Des gendarmes font face aux manifestants à la Guadeloupe. © TF1/LCI
Les actes violents se sont multiplés dans la nuit de mardi à mercredi en Guadeloupe, dont des affrontements entre des jeunes et la police, selon plusieurs sources, tandis que le collectif LKP a lancé "un appel au calme" sur la radio RCI en milieu de soirée. Tôt mercredi matin, sur Europe 1, le gouvernement a également "lancé un appel au calme" par la voix de son porte-parole, Luc Chatel.A Baie-Mahault, à 10 km de Pointe-à-Pitre, de violentes échauffourées ont opposé dès 19 heures locales une centaine de jeunes, se revndiquant du LKP sans en faire vraiment partie, à des gendarmes mobiles. Selon le maire de la ville, une centaine de jeunes étaient présents dans la zone commerciale de Destrelland. Certains, munis de fusils à pompe, ont tiré à balles réelles en direction de la police, a-t-il également indiqué. Trois gendarmes ont été légèrement blessés, a-t-il ajouté, sans pouvoir préciser la nature des blessures. Deux personnes ont été interpellées. Selon le maire, les jeunes ont même tiré sur l'hélicoptère qui amenait sur place le colonel de gendarmerie.

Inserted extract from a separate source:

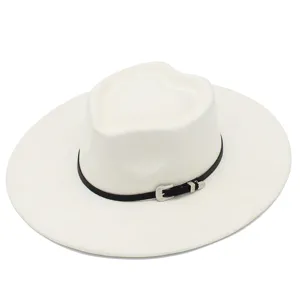 Cappello fedora corona cuore bianco texture camoscio vintage tesa piatta jazz dettaglio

Par ailleurs, certains des magasins de la zone commerciale avaient été pillés, dont l'hypermarché Carrefour, appartenant au groupe martiniquais béké (créole blanc) Groupe Bernard Hayot (GBH). A Baillif (banlieue de Basse-Terre), la concession automobile Renault appartenant également à GBH, était aussi en feu mardi soir. Trois escadrons étaient sur place, soit environ 200 hommes. Les échauffourées se poursuivaient toujours à 23h locales.
"Renforcer la mobilisation"
Même scénario à Pointe-à-Pitre, où trois policiers ont été légèrement blessés par arme à feu dans la cité Henri IV de Pointe-à-Pitre, où ils avaient été appelés pour une intervention. A Dugazon, un quartier des Abymes dans la banlieue de Pointe-à-Pitre, un magasin de pneus et un atelier de réparations automobiles rapides, là encore propriétés de GBH, a été entièrement détruit par un incendie mardi soir.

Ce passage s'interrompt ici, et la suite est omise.